By ROHAN SULLIVAN -- Associated Press

 SYDNEY, Australia -- The venues are ready, the athletes are doing their final warmups and the bunting is going up all over town. Sydney, are you ready to be part of the biggest show on Earth?

 No thanks, says Lynn White.

 "I'm really not interested in the Olympic games," said White, who with her husband Jim will fly out of Sydney in time to miss the opening ceremony for a vacation that will last just as long as the Sept. 15-Oct. 1 games.

 "I don't have anything against sport, I enjoy watching the football. But the traffic around here is bad enough at the best of times. It's about to go over the top."

 The Whites are not alone in wanting to escape what Lynn, a bookkeeper at an electrical firm, described as "the Olympic hoo-hah."

 A survey by games sponsor Ansett Airlines published in July found some 500,000 of Sydney's 4 million residents want out of the city while the games are on.

 "You can't get a seat on an aircraft going out of Sydney in early September," said Shirley McPhedran, travel agent with Sydney-based Aegean Tours. "It's Sydneysiders escaping from the Olympics."

 With less than two weeks to go, the buzz is building. Sydney has given itself over almost completely to the games -- from giant Olympic rings hanging from the landmark Harbor bridge to billboards covering one side of an office tower to blanket newspaper and television coverage.

 Enthusiastic crowds along the countrywide route of the Olympic torch and the quick sellout of premium tickets as they come on staggered sale are indications of the general support for the games in Sydney, and Australia.

 But not everyone is getting in the spirit. Some say the games are over-hyped, over-commercialized, over-expensive and overblown.

 "It's a circus," said Craig Reucassel, who runs a Website called "Silly 2000," which satirizes the official "Sydney 2000" site.

 "There is a serious side to the steroid use, the abuse of games processes, the bribery, but when you get down to it, the Olympics is just a glorified Little Athletics tournament," he said, referring to youth track meets.

 For Sydney residents, the excitement of being the center of the world's attention is being countered by the reality of disruptions to day-to-day life.

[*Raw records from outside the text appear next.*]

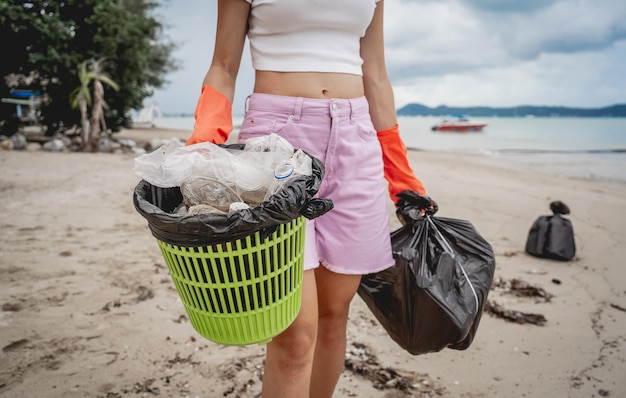 A female ecologist volunteer cleans the beach on the seashore from plastic and other waste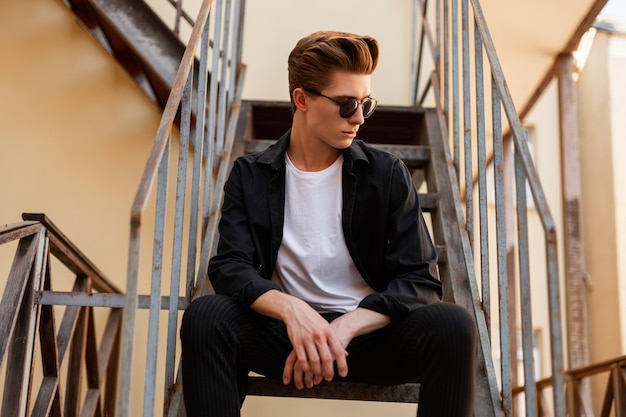 Elegant young man hipster with a hairstyle in a classic black shirt in a white tshirt in stylish pants in sunglasses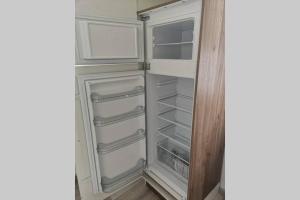 einem leeren Kühlschrank mit offener Tür in einem Zimmer in der Unterkunft Ingrid`s Ferienwohnung in Röthenbach an der Pegnitz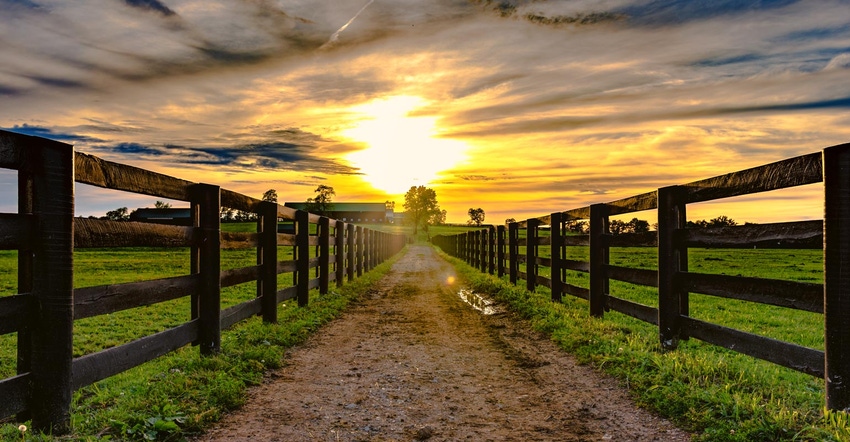 Dirt road leading to a barn with sunset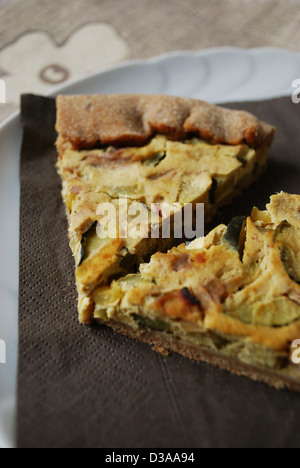 Two slices of vegetarian tart with zucchini, onion and tofu Stock Photo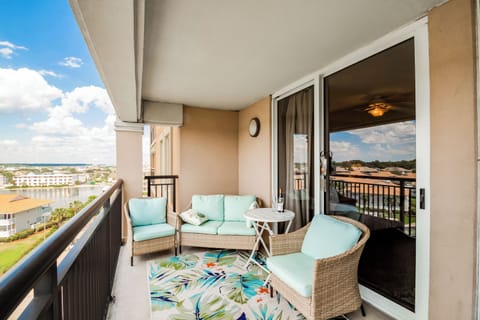 Unwind on your private balcony with soft seating and sweeping views—perfect for morning coffee or evening relaxation.
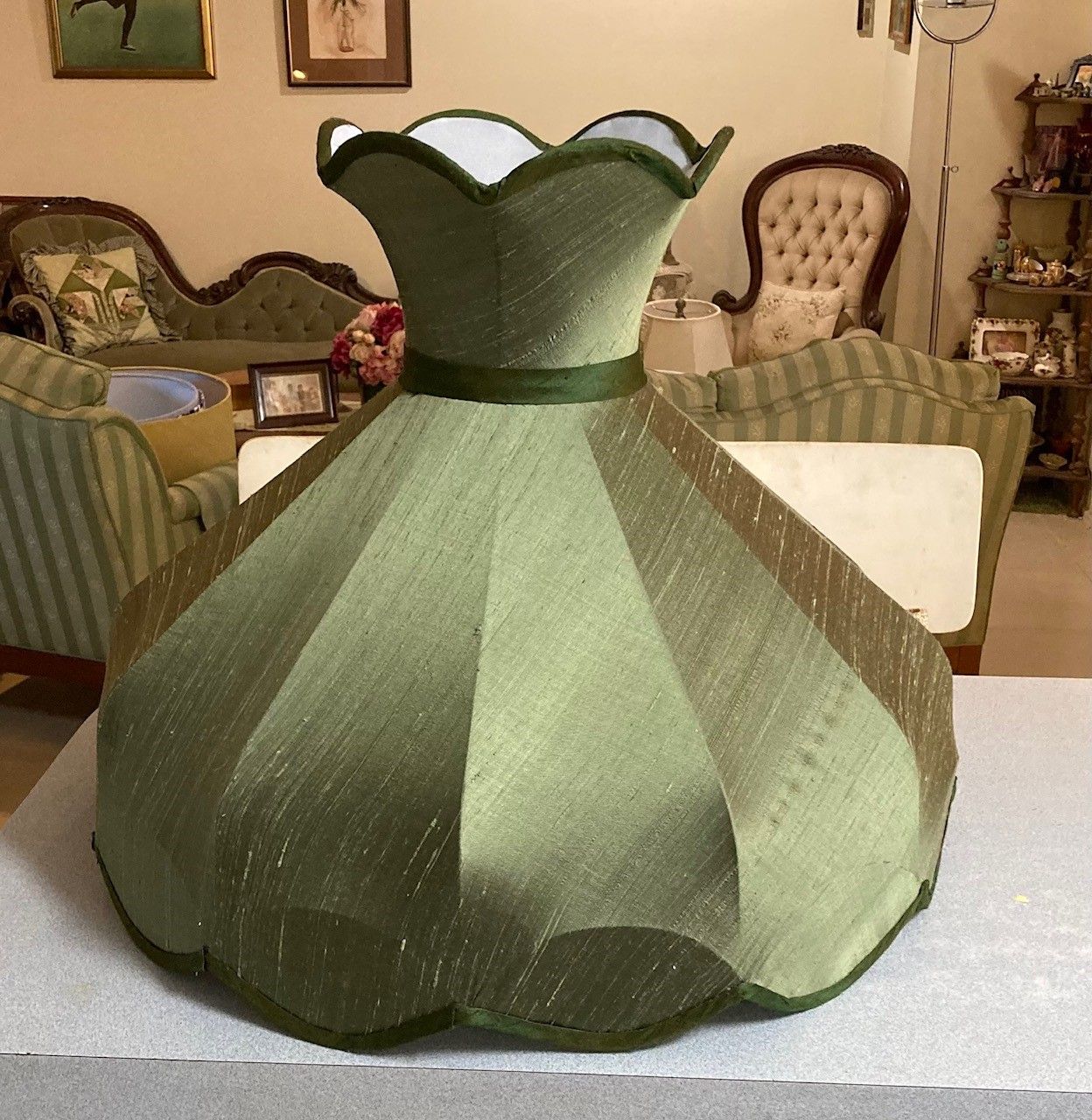 A lamp with a plaid shade is sitting on a table.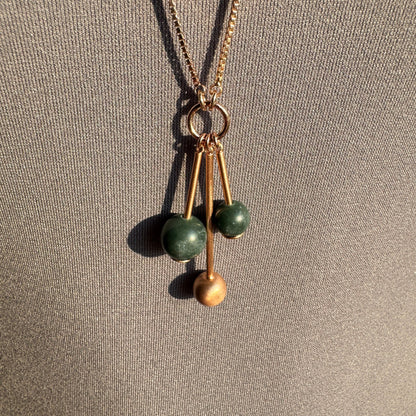 Collier doré rose avec perles vertes et design moderne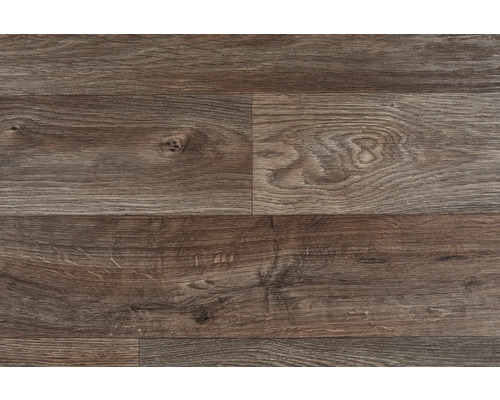 Detaljvy av laminatgolv med träutseende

With the start so close, the nuisance factor is starting to kick in.

 For example, getting home has become a difficult chore for residents of Balmain, who have just been told they are not allowed to make cross-traffic turns from the main road leading to their harborside suburb because the road is an official Olympic route.

 Taxi fares are about to jump by 10 percent for the duration of the games, and some restaurants -- even if you can get a seat -- are about to raise prices by up to 30 percent.

 Other dining establishments are charging a non-refundable booking fee to protect themselves against late cancelations.

 Organizers say the games is an opportunity for Sydney residents and are encouraging them to take annual leave, find some Olympic spirit and buy some of the 1.25 million general tickets still unsold.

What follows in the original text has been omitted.